(Short web captions)
····················
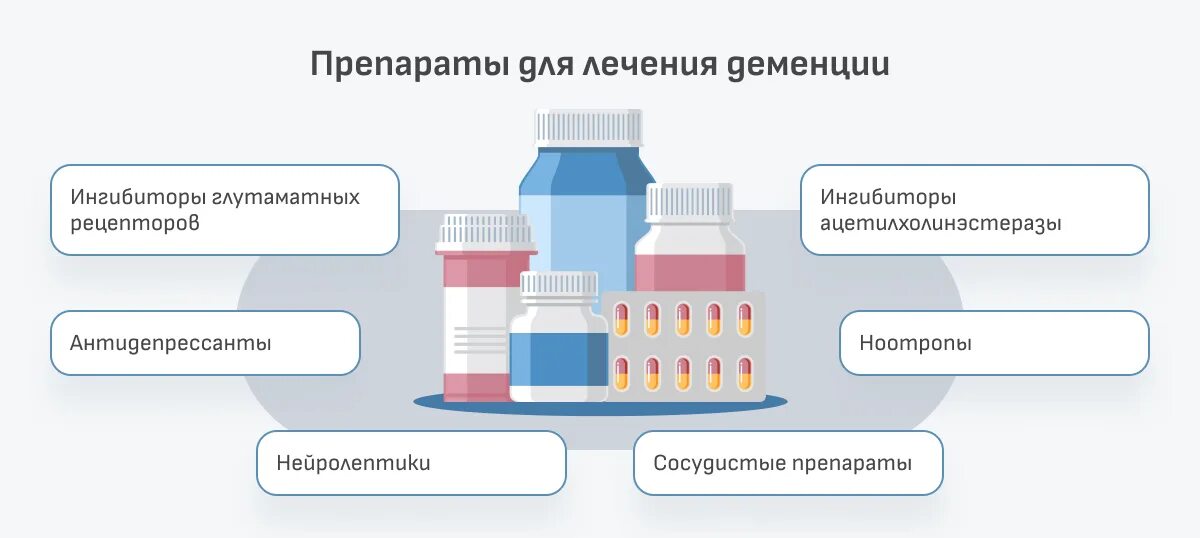 Лекарства при деменции. Деменция лечение препараты. Лечение деменции у пожилых людей препараты. Лекарства от деменции для пожилых с доказанной эффективностью.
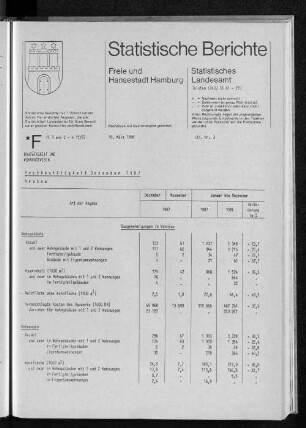 Hochbautätigkeit Dezember 1987 : Lfd. Nr. 3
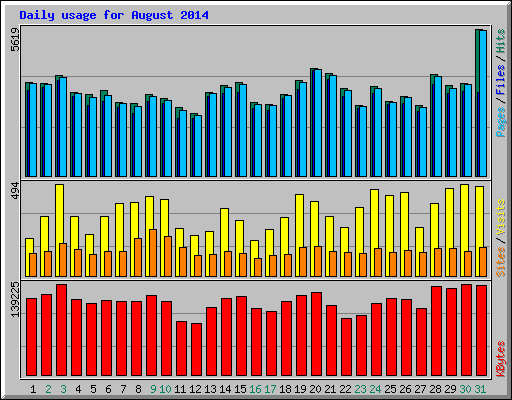 Daily usage for August 2014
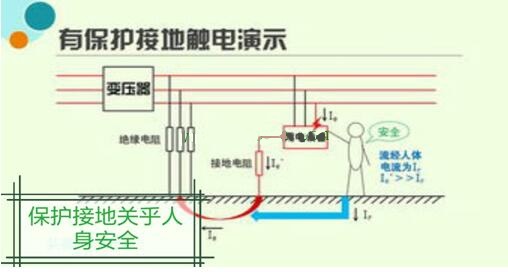 電工證報考-保護接地、保護接零、重復接地三大舉措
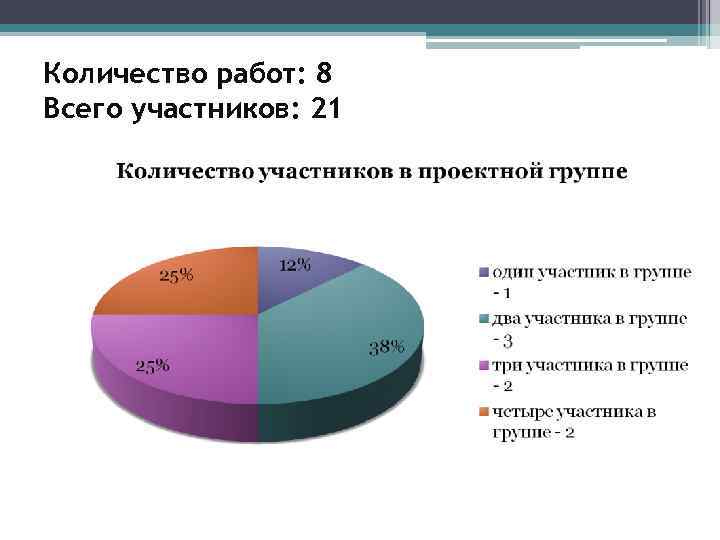 Количество работ: 8 Всего участников: 21 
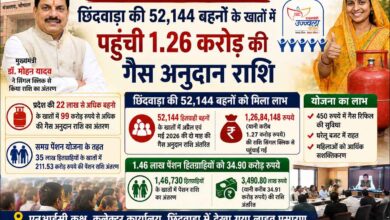 छिंदवाड़ा की 52,144 बहनों के खातों में पहुंची 1.26 करोड़ की गैस अनुदान राशि | Dainik Yashonnati 450 रुपये गैस रिफिल योजना के तहत छिंदवाड़ा की महिलाओं के खातों में अनुदान राशि अंतरित
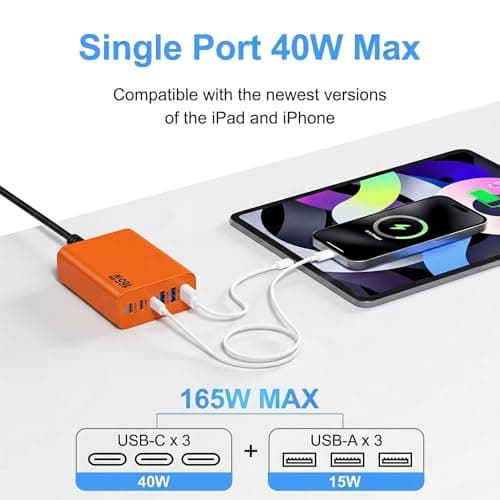 Charging Station 6 Ports Fast Charger, 165W USB-C Charger Fast Charging Plug, PD Power GaN Charger Compatible with iPhone 17/16/15 Pro, iPad, Laptops, Galaxy – Ideal for Home & Travel (Orange) — view 4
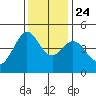 Farallon Island tide chart for Sunday, November 24, 2024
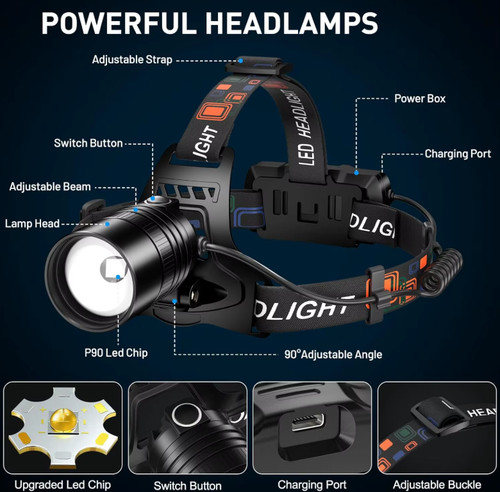 Fishing headlamp super - headlamp,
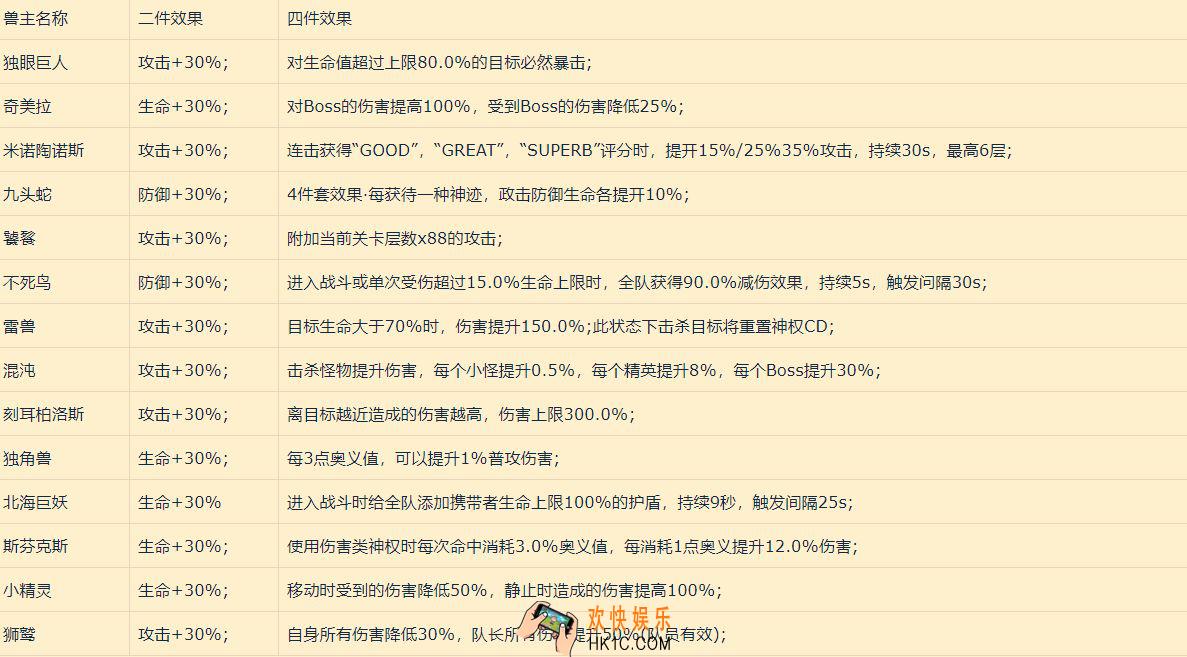 解神者：X2部分游戏机制及各兽主套装的测试计算与机制怎么样_游戏机制及各兽主套装的计算机制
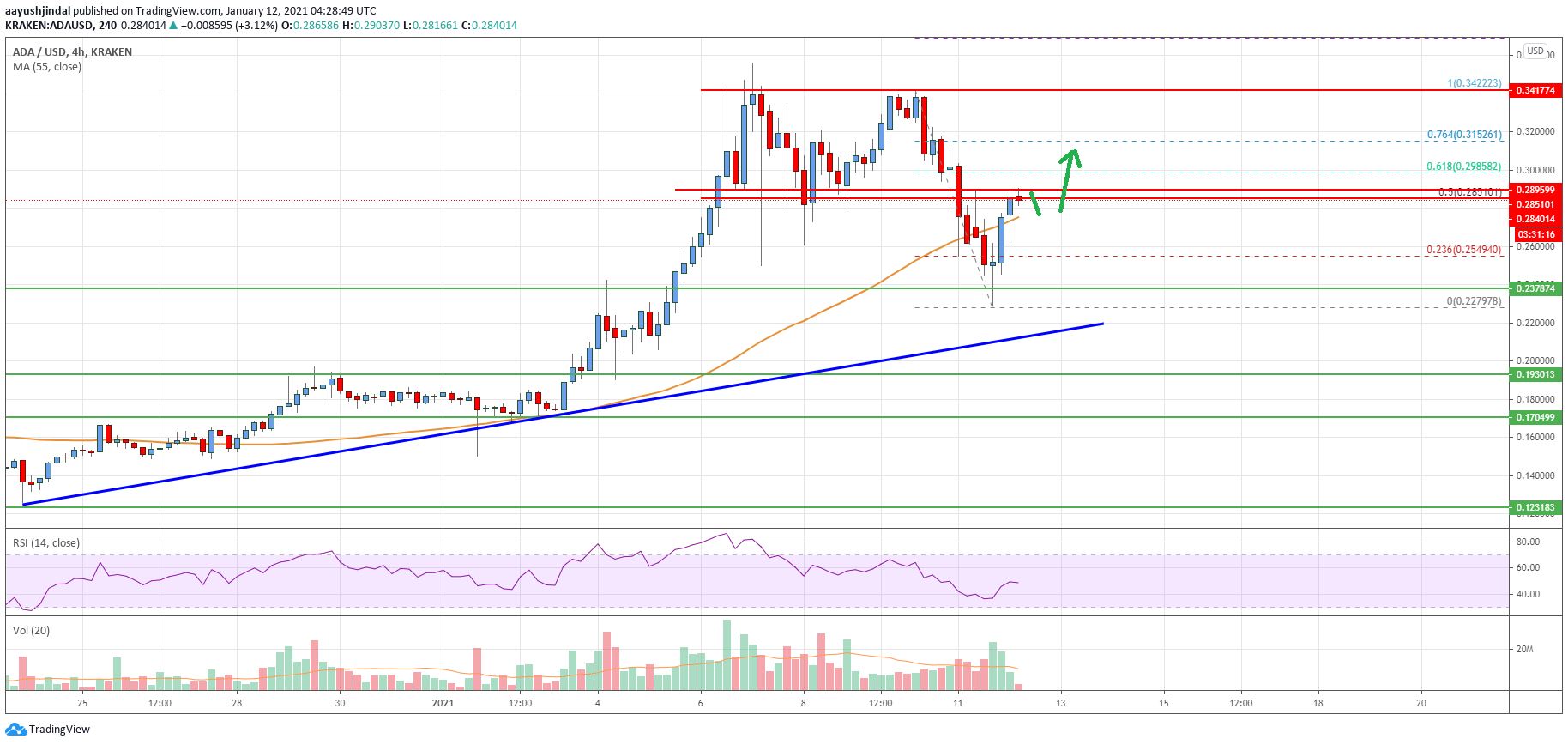 Cardano (ADA) Price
····················
(Task requirements): With pictures left out, transcribe each line from the one containing "Fishing headlamp super" through the end of the data, both ends included.

(Answer space):
 Fishing headlamp super - headlamp,
 解神者：X2部分游戏机制及各兽主套装的测试计算与机制怎么样_游戏机制及各兽主套装的计算机制
 Cardano (ADA) Price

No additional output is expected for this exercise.